For the first experiment, the objective was to investigate whether adding context to the problem improved the long term rewards. To validate this experiment multiple bandit algorithms (discussed in Chapter 2.3) being LinUCB, non contextual UCB, Thompson Sampling and epsilon-greedy methods were compared to the LinUCB implementation. The linear UCB contextual bandit, where the payout is believed to be a linear function of the context features, was created using the UCB algorithm, which is popular in the MAB (With a MAB approach, the variants are treated similarly) environment. A simulation experiment with varied alpha values of a LinUCB policy was also conducted. All of the algorithms surrounding experiment 1 were all carried out in the context of the dataset provided, in which the arms and the rewards were segmented into separate lists in pre-processing.

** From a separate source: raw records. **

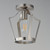 Arden One Light Pendant / Semi-Flush (10421SN)
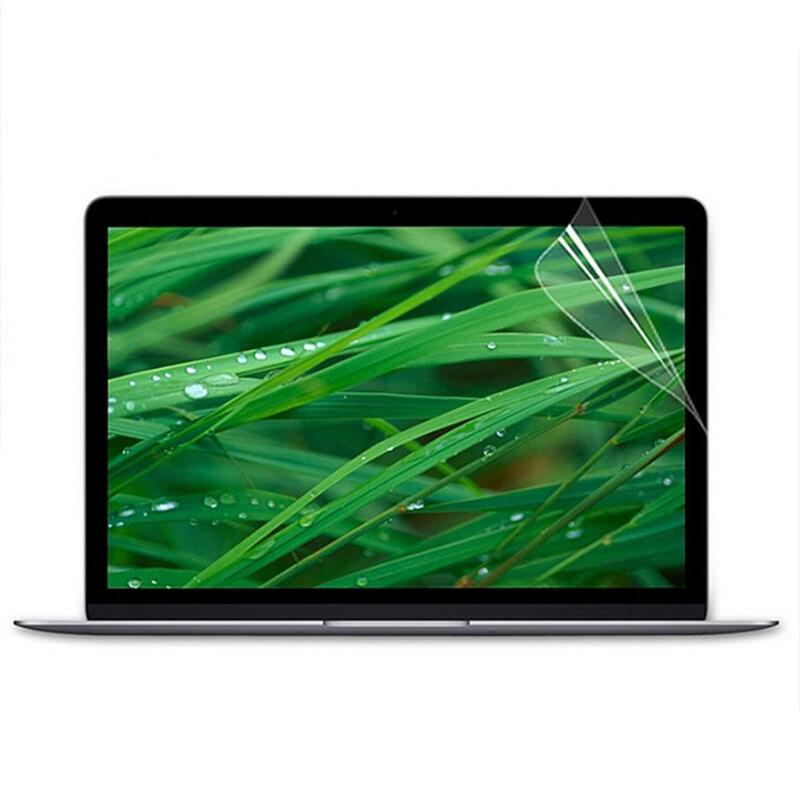 Прозрачная защитная пленка для экрана ноутбука Macbook Air/Pro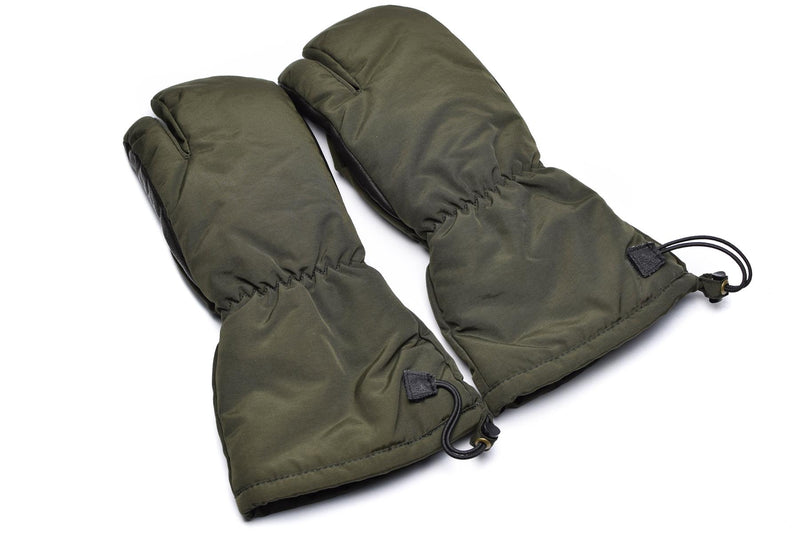 Äkta danska armé trigger finger mittens syna-tex handskar od ny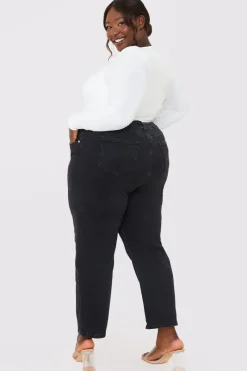 Stretch Straight Jeans|In The Style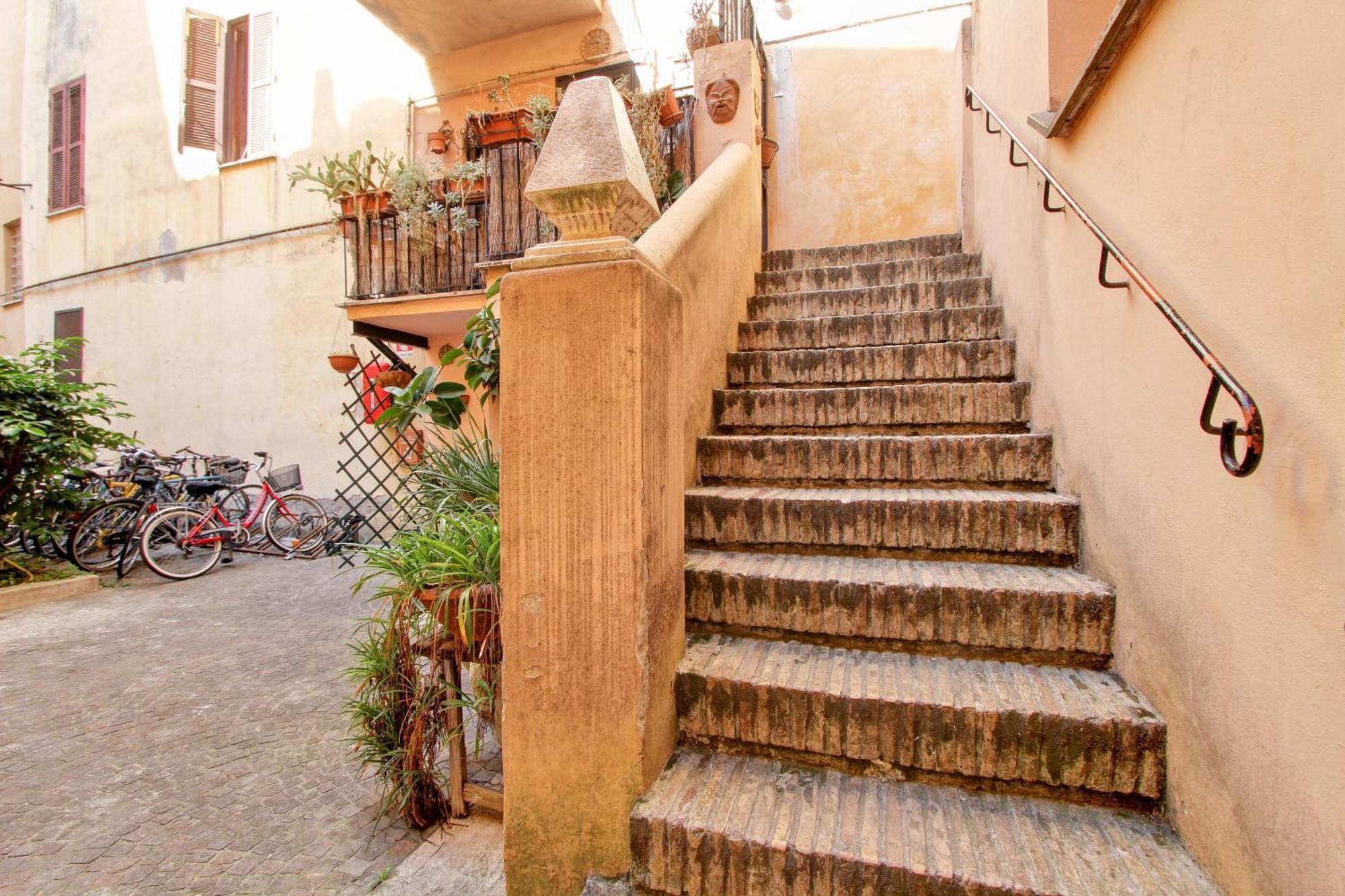 Campo De Fiori - Loft In Originario Anfiteatro Romano Ngoại thất bức ảnh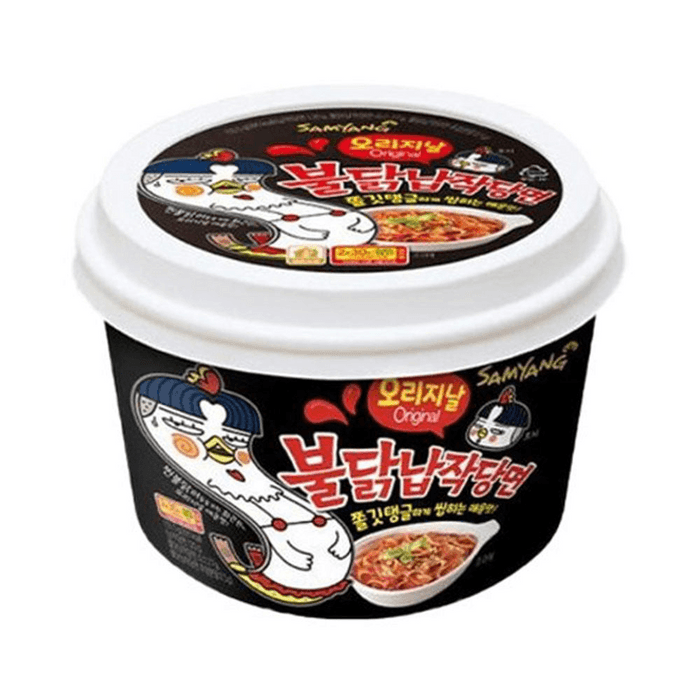 Buldak Flat Noodle Original 155.5g
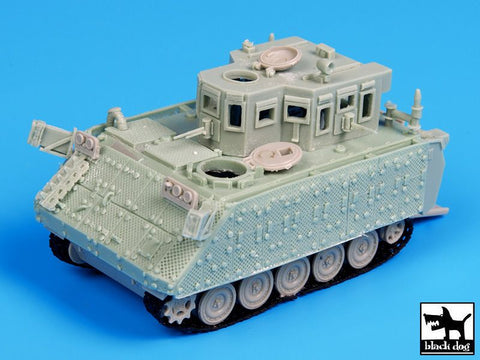 ブラックドッグ T72045 1/72 イスラエル国防軍 M113 カスマン コンバージョンセット （ トランぺッター用）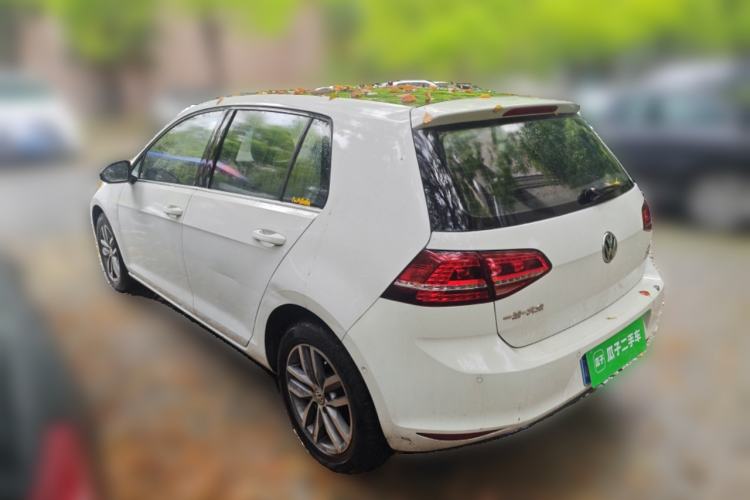 Used Volkswagen Golf 2017 230TSI Automatic Luxury Million-Vehicle Commemorative Edition Rear Left 45 Deg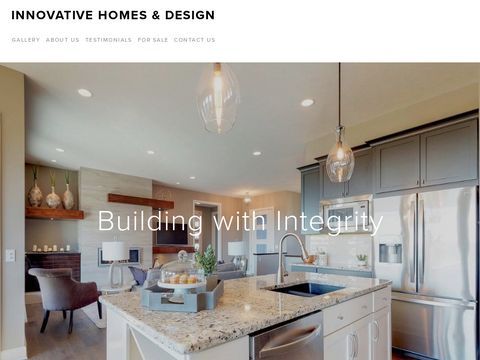 Innovative Homes and Design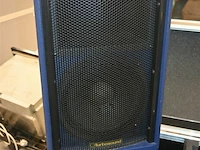 Flight case met 2 x turbosound luidspreker - afbeelding 5 van  10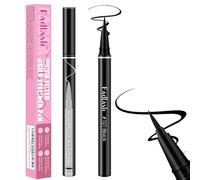 Fadlash Waterproof Eyeliner Liquid, Black Ink Matte Eye Liner,Smooth & Dry Quickly Eye Pen Smudge-Proof, Long-Lasting Natural Look, Not Prone, Highly Pigmented, Vegan (0.6 ml)
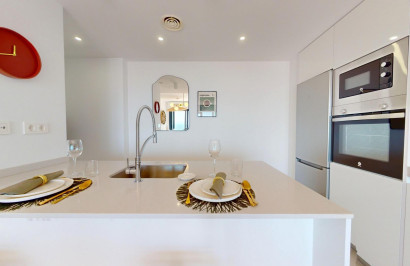 New Build - Apartment / Flat - Aguilas - Isla Del Fraile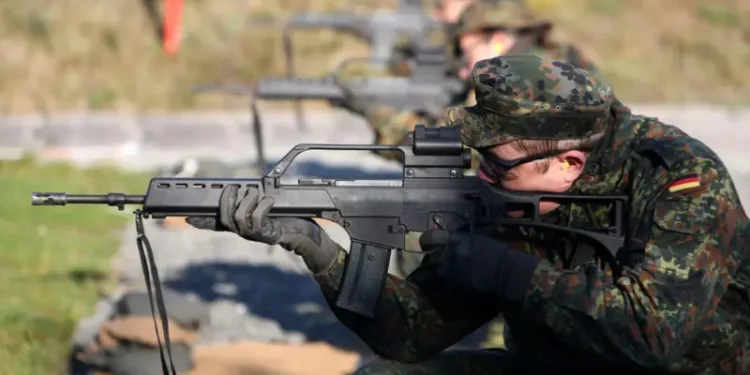 Germany Approves Major Military Spending Increase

The second experiment tries to solve the OpenAI Gym Taxi-v3 environment. The environment can be considered solved with an average reward between 9 and 9.5. In the tackling of this environment, the SARSA and Q-Learning algorithms were considered in the solution.
The third experiment tries to solve the OpenAI Gym LunarLander-v2 environment. The environment can be considered solved with an average reward above 195. In the tackling of this environment, the SARSA and Q-Learning algorithms alongside the more traditional CEM were considered in the solution.